Living Between Raindrops
04 October 2012 | Tonga
Since the last time I wrote, its rained every day except for today. We're getting a taste of what this South Pacific convergence zone (where significant weather systems meet) really is- a bunch of crummy weather. The only good part has been that we weren't on a passage for it and we haven't had significant wind, just tons of rain and gray skies. Nothing dries out and the extra humidity is hard on things. Batteries, lights, our old laptop computer and the smoke alarm have all bit the dust in the past few days. We did get the boom vang re-welded though so that feels good. Now yesterday the generator overheated (again) so that is the next thing on the list to try to fix.
We did our 4 scuba dives in the rainy weather too. Nice clear water & pretty formations with several swim-throughs, great colorful walls full of nudibranches, sandy areas with garden eels and some interesting new fish. And we did hear whalesong again! I absolutely couldn't concentrate on the dive when the whales were singing. It is a haunting, moving song for me and probably others too. This time it was farther away and more melodious than the video clip we have on the blog which was from right beneath us. I think humpbacks are some of the most beautiful whales there are and hearing the song, I just wanted to swim over to try to find them.
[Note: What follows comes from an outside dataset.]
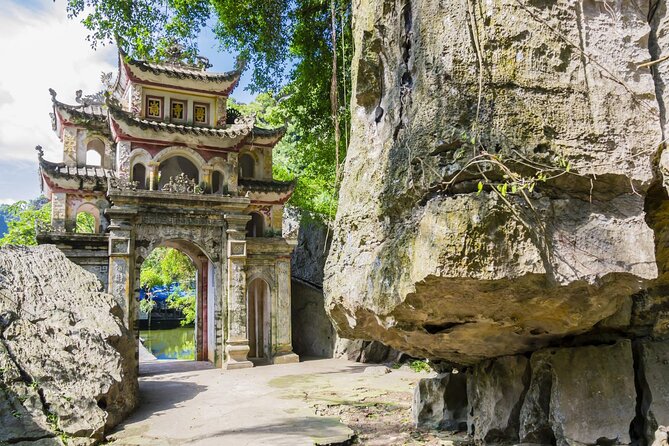 Bich Dong Trang An Day Tour: Cycling, Boating &Local Family Visit - Tour Overview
It was chilly between dives since you need a good hour to breathe off the nitrogen build-up and there was a cold wind. We are all definitely noticing the cooler water & air. Our wetsuits are worn out and not insulating as well either. We did the diving with Mawari & another couple we know off a British boat named Superted. After the first day, we got together for dinner to share pictures and sightings and compare our whale dive experiences as well.
After the diving days, we needed a day in town to get ourselves together before heading back out to the outer islands. We have somewhat of an addiction going on with the handicraft market and Sue has it too- we can't stay out of there! A few days ago, we all ducked into the market during a rainshower so Sue ended up with some more necklaces and then yet another woven basket in her hands and Jon picked up a necklace for himself. Then we hear Bob say " this is getting to be quite an expensive rainshower" and we all busted out laughing. Then we meet up with Sue yesterday and Jon notices she's got another new necklace and she says "oh, I got it yesterday!" The woven baskets and cow bone carvings are really beautiful and unique and every time we meet up with another cruiser, they've got a carving hanging around their neck - one you might want for yourself so back into the handicraft market you go to peruse some more.
On one of the days we were moored near town, we experienced a brief earthquake on the boat. I noticed a split second sensation of the boat shuddering and the floor rising under my feet. I couldn't figure out what it was and Jon didn't feel it but then they announced over the radio that there'd been an earthquake. I think it ended up being in the high 3's on the scale. Definitely an odd sensation on the boat.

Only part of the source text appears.